Desai also interviews Oleg Vyugin (chairman of the Securities and Exchange Commission), Boris Jordan (U.S.-born Russian financier), and Jack Matlock (former U.S. ambassador to the Soviet Union). The interview format has its limitations, notably repetition and answers that cry out for probing follow-up questions. And the introduction is somewhat disjointed, perhaps because it is an expansion of a journal article, with material and views that do not always relate to the interviews. Nevertheless, anyone interested in Russia's economic and political transition will find much useful material in this book.

John Odling-Smee
Director, IMF European II Department, 1992–2003

Well prepared for an accident

Fernando Cardoso

The Accidental President of Brazil
A Memoir

PublicAffairs, New York, 2006, 312 pp., $26.95 (cloth).

There is a joke in Brazil that goes something like this: when Fernando Henrique Cardoso was a little boy, he set out to become president of Brazil. But just in case he failed, he also set out to become pope.

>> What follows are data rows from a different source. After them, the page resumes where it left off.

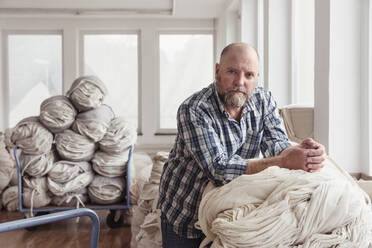Portrait of a confident mature man in a textile factory - SDAHF00074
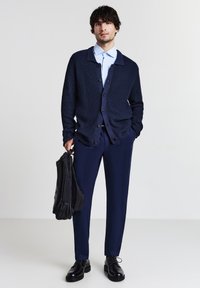 Uomo in cardigan blu navy, camicia azzurra, pantaloni navy, scarpe nere che tiene uno zaino nero contro uno sfondo chiaro uniforme.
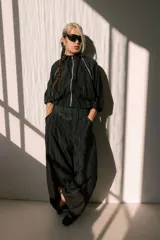 Campera negra de tela sintética con cierre frontal, cuello alto, mangas 3/4 con puños elásticos y cintura ajustable con cordón.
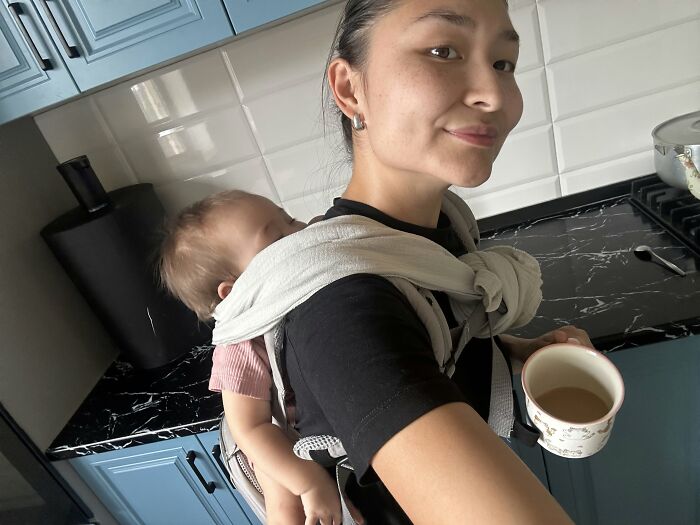 Motherhood is rewarding: A mom multitasking, carrying her baby in a wrap while holding a cup, showing a fulfilling moment.
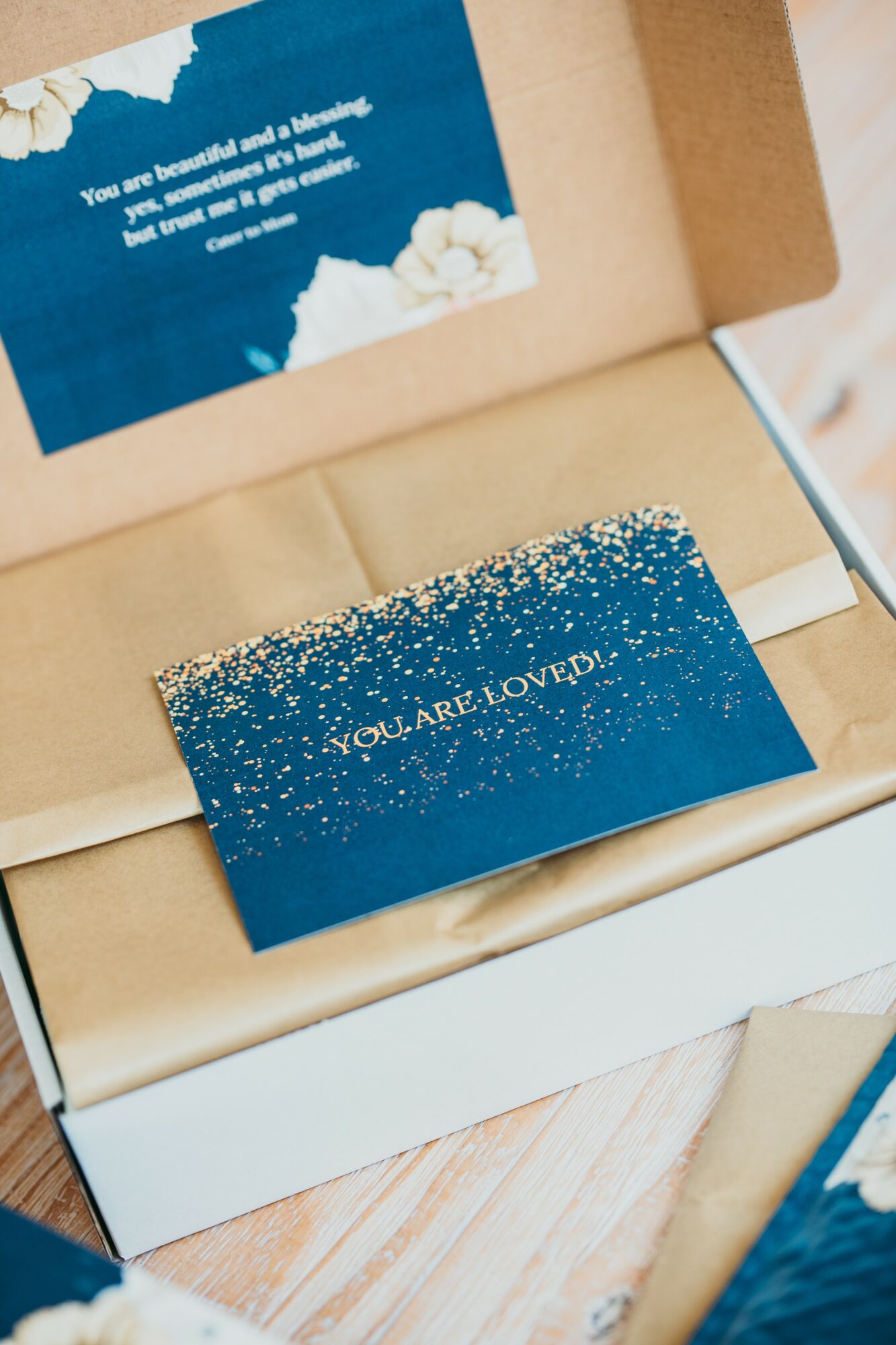 Open box with a blue card reading 'You are loved so much!' and a glittery blue card with 'You are loved!' inside.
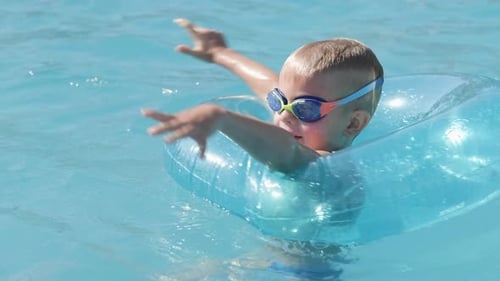 Little Boy in Swimming Pool Child Having Fun Sitting on Blue Swimming Ring Playing Under Water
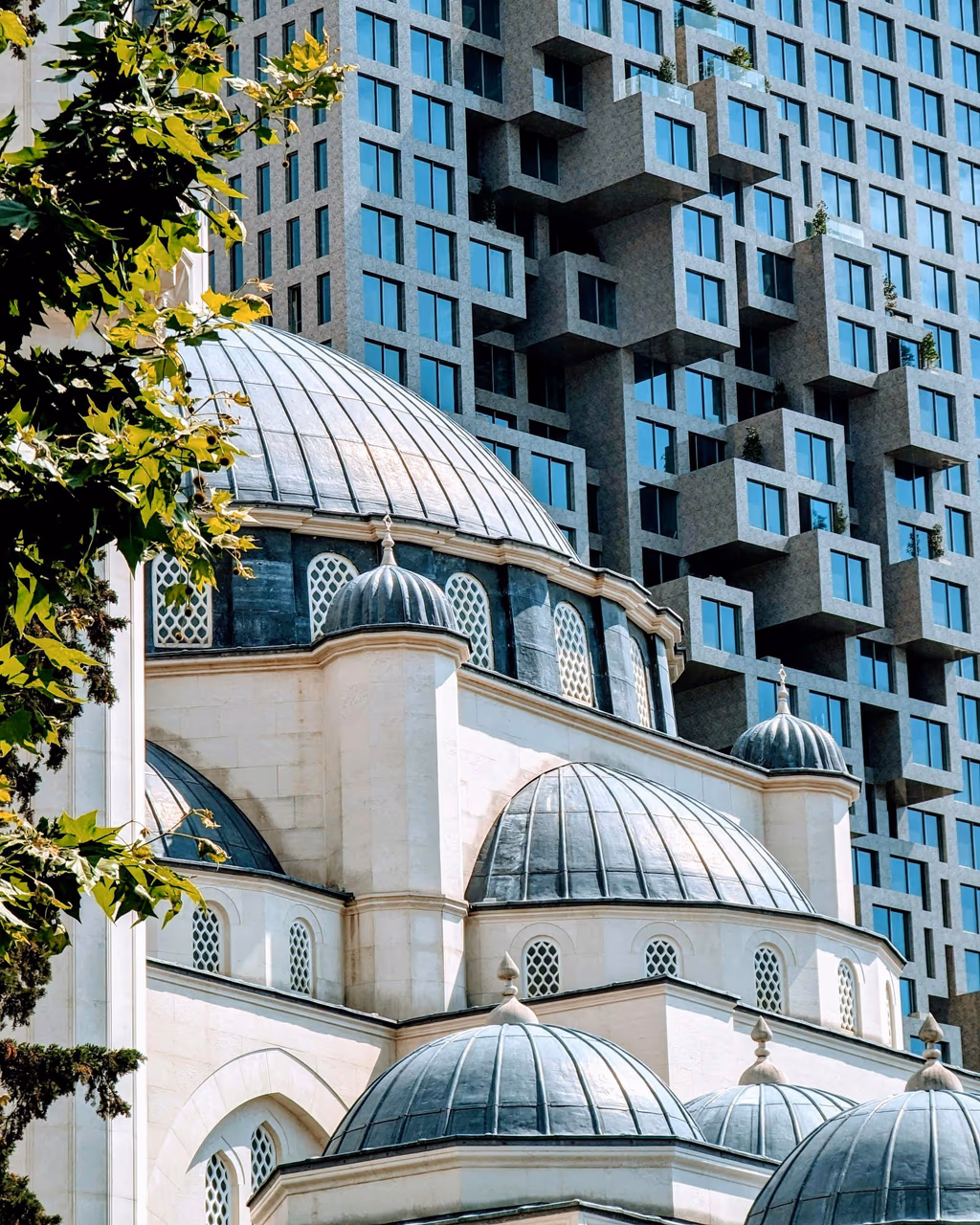 A modern geometric high-rise building behind an Ottoman-style mosque with domed rooftops in Tirana, Albania.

The joke betrays the resentment of those who do not want to admit that Cardoso probably was the best-prepared man to ever wear the presidential sash in Brazil. A PhD in sociology, Cardoso was at one point invited to replace Jürgen Habermas at the University of California, Berkeley. A well-traveled cosmopolitan, he was fluent in three languages besides Portuguese. His political accomplishments included being a senator and a foreign relations and economy minister. So why did he entitle his memoirs "the accidental president"?

The answer is in the book, prefaced by his good friend Bill Clinton. Cardoso claims he was "tricked" into becoming economy minister by his predecessor, Itamar Franco. As for the presidency, he thought he would never stand a chance against Luiz Inacio Lula da Silva, the current president of Brazil and the favorite in the 1994 presidential elections. As it was, Cardoso won over Lula both in 1994 and in 1998.

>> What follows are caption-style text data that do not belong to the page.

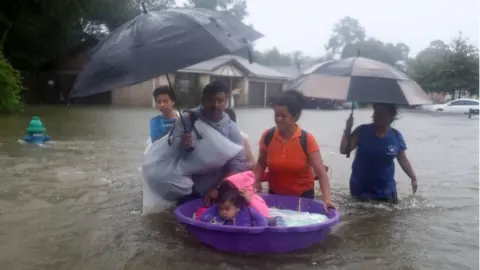 Getty Images People walk down a flooded street as they evacuate their homes after the area was inundated with flooding from Hurricane Harvey on 28 August 2017 in Houston, Texas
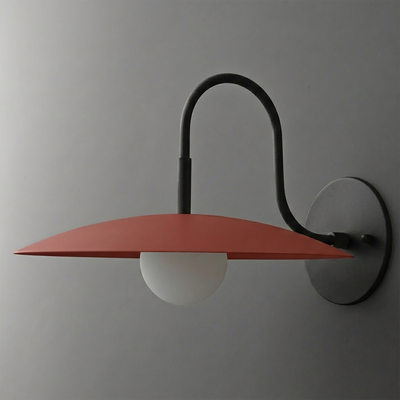 Matte black metal wall sconce with curved arm, rust-colored flat disc shade, and frosted globe bulb. - SCONCE MODEL NO. 9171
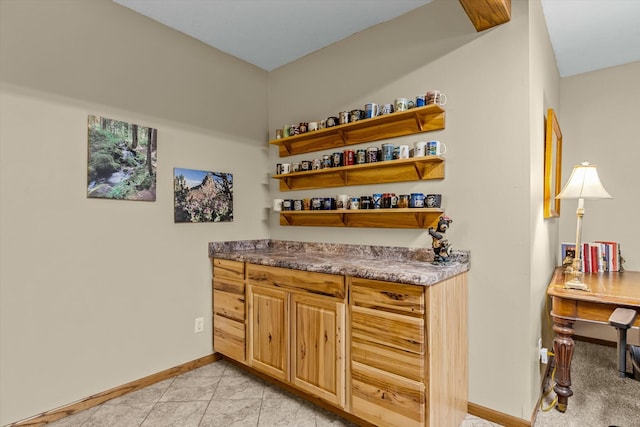 bar with baseboards and light tile patterned floors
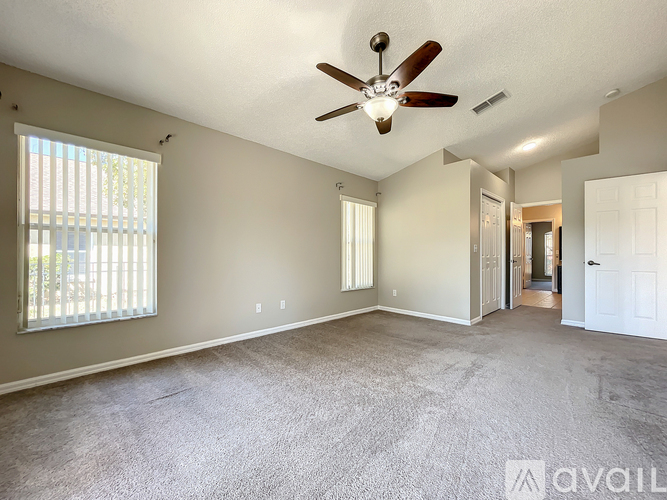 A spacious room with a ceiling fan and carpeted floor.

As economy czar, Cardoso launched the real plan, which killed the hyperinflation that had choked off Brazil's economy since the early 1980s. He carried out an ambitious privatization plan that ushered his country into modernity, tried to foster a new concept of state—leaner, smaller, more efficient—and created the country's first regulatory agencies. Cardoso also had to weather the largest number of international crises, from Mexico's debacle in early 1995 to Brazil's own meltdown in 2002, which was caused in part by investors fearing Lula's leftist program. In fact, Lula not only preserved, but also deepened, Cardoso's conservative economic model when he was finally elected in 2002.

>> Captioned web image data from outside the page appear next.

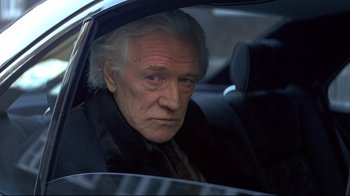 Movie still from “Smilla's Sense of Snow” (1997), directed by Bille August – An older man sitting in a car looking out the window; Close Up shot, High angle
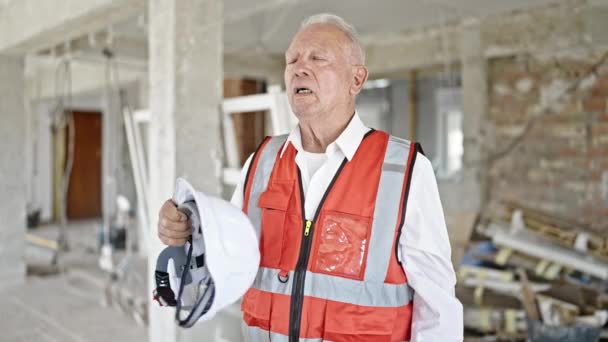 高级灰发男子建筑师在建筑工地用硬礼帽作为手扇 — 图库视频影像
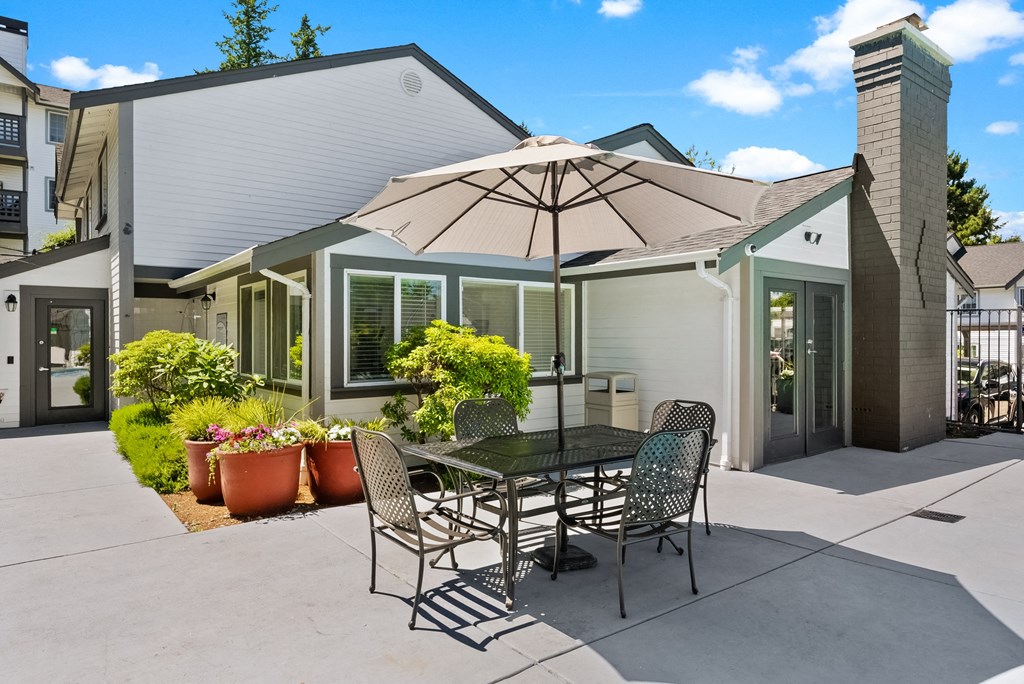 a patio with a table and chairs under an umbrella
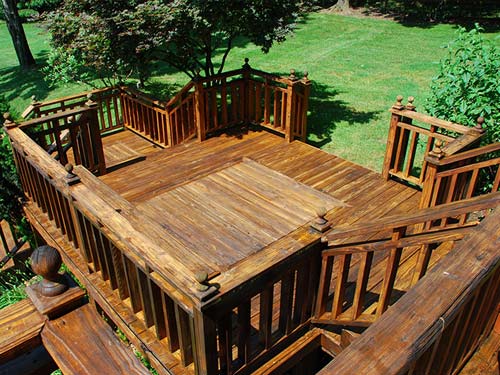 A large wooden deck with stairs leading up to it
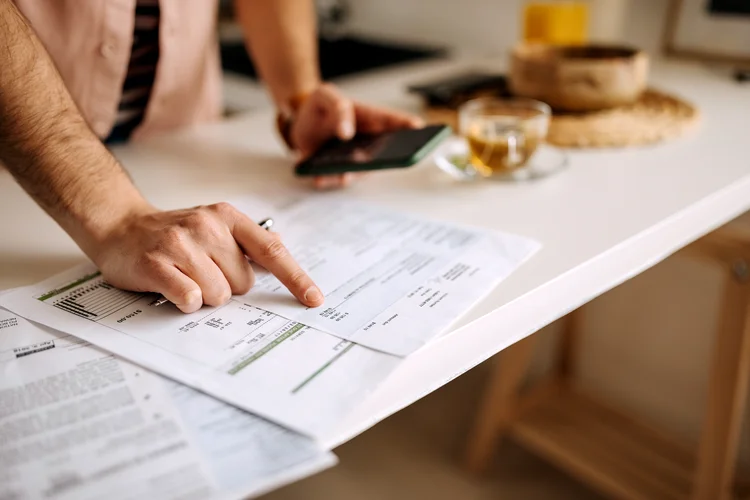 Unrecognisable man using calculator on the phone to calculate expenses (iStock/Getty Images)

The Accidental President makes for pleasant and entertaining reading as the reader becomes privy to Cardoso's bonhomie and good humor. It is intentionally light on sociology and political economy yet still offers a sophisticated analysis of key moments of Brazil's history. The book is a condensed version of a heftier, 700-page volume launched in Brazil, The Art of Politics—The History I've Lived, in which Cardoso recounts his trajectory with much more detail, even dedicating a chapter to his presidency's intense relationship with the IMF. In yet another surprising twist, The Art of Politics quickly became a best seller when it was launched in Brazil in early 2006, all 700 pages of it.